I need driver for AR5006 family 802.11 abg Wireless NIC (Atheros Communications Inc.)

For previusoly
Thanks!


----------



## Techie.UK (Jul 3, 2008)

*Re: Having problem to connect to my wireless router*



Dodderer said:


> Hi!
> 
> I need driver for AR5006 family 802.11 abg Wireless NIC (Atheros Communications Inc.)
> 
> ...


Click Start, Run and enter devmgmt.msc

This will open Device Manager.

In the list select Network Adapters. This should open a sub-list showing your Atheros Adapter. Right-click on the Atheros Adapter and click Update Driver. This will open the Hardware Update Wizard and will ask for permission to connect to the internet to search for drivers. Click Yes and this should then find the most recent driver for the Adapter.

Note: The Update Wizard requires an Internet Connection. If you don't have an internet connection at this time then connect via Ethernet Cable while you update the driver.


----------



## johnwill (Sep 26, 2002)

Even though it appears you're having the same problem, please start a new thread when you have a new issue. It's very difficult to keep two problems straight and who's working on what in a single thread. 

I've created a new thread for your issue here. 

Note: You will need to post complete details of your configuration and your specific issue in this new thread for us to help you.

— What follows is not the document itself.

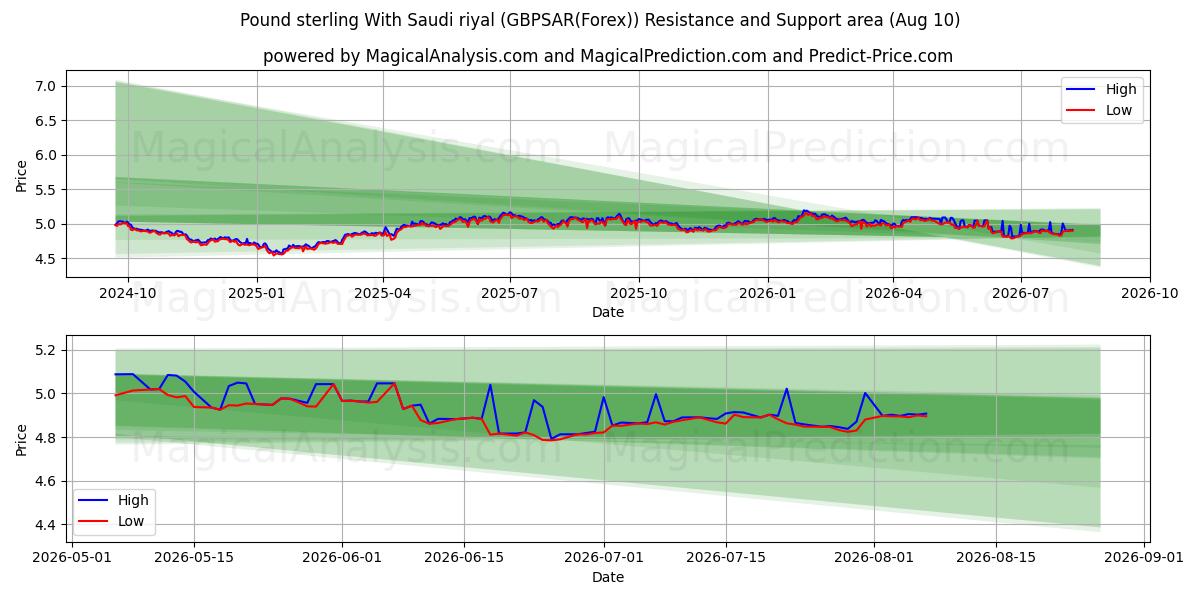  Pound sterling With Saudi riyal (GBPSAR(Forex)) Support and Resistance area (09 Aug)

Thanks for your cooperation.


----------



## Iurilm (Sep 10, 2008)

I need this driver for windows xp and sony vaio VGN-NR330AE, cause what i have don´t work. 

I need some help!


----------



## johnwill (Sep 26, 2002)

Sony is where I'd look, you need to use the network drivers from them for their laptops.


----------



## VistaViewer (Sep 11, 2008)

For Atheros Wi-Fi drivers, I have had good luck here:

"The Unofficial Atheros Czech Drivers Site"

http://www.atheros.cz/

Good Luck!

VV


----------